BBC “Great Lives” Revisited

In this week’s issue of The Tablet, columnist Christopher Howse revisits last December’s BBC Radio 4 broadcast of the series Great Lives in which Evelyn Waugh was the subject. See previous posts. Presenter Matthew Parris interviewed panelists Russell Kane, a comedian and Waugh fan, and Ann Pasternak Slater, an Oxford Senior Research Fellow and Waugh scholar. According to Howse, he had received a letter from a Tablet reader about the program, who wrote to him:

in a great rage at “anti-Catholic bigotry on Radio 4”. On an edition of the popular programme Great Lives about Evelyn Waugh, she heard an exchange between the presenter Matthew Parris and his guest, the comedian Russell Kane.

Matthew Parris: “I find his Catholicism very difficult, because he was such a clever and discerning and honest man, and to have swallowed whole the doctrine of the Catholic Church in the way that he did just strikes me as odd.”

Russell Kane: “Could it be as simple as he was in the middle of some horrible emotional collapse and the priest got in there at the right moment and converted him and it was an addiction that got in at the right time?”

The reader went to the BBC complaints department. She argued that apparently the only explanations for anyone being Catholic are stupidity, dishonesty, mental breakdown, addiction and priests taking advantage. It goes without saying, she thought, that this wouldn’t have been said about someone Jewish, Muslim or Hindu, or would have been edited out. But she got nowhere. […]

Howse then listened to the program, which is still available on BBC Radio 4 via the internet. After hearing it through, he concluded:

The programme also featured an expert on Waugh, Ann Pasternak Slater, to keep the record straight, and she contradicted Mr Parris. When he wondered whether he took Waugh too seriously, she countered: “I think you take him too shallowly.”

I don’t complain that the BBC put the programme out. Anyone who has read biographies of Waugh knows that his decision to become a Catholic was discerning, honest and self-denying. He assumed, for one thing, that he wouldn’t be able to remarry, since his first wife had gone off and left him.

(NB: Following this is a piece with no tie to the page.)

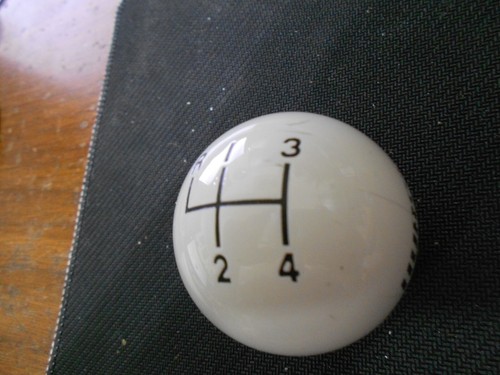 Old Vintage 60's-70's Hurst 1637626 White 4 Speed 3/8-16 Threads Shift Knob - Picture 9 of 10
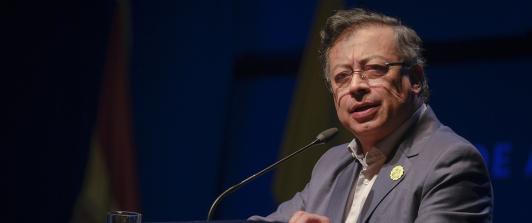 Petro habló sobre gesto de puño arriba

Howse might have added that the reader cited Parris’s comment out of context since it was preceded by a very thorough and reasoned analysis by Pasternak Slater of the basis for Waugh’s conversion to Roman Catholicism. Howse is correct in concluding that there was nothing unfair or one-sided about the BBC 4 presentation that would warrant the sort of censorship the reader seemed to suggest.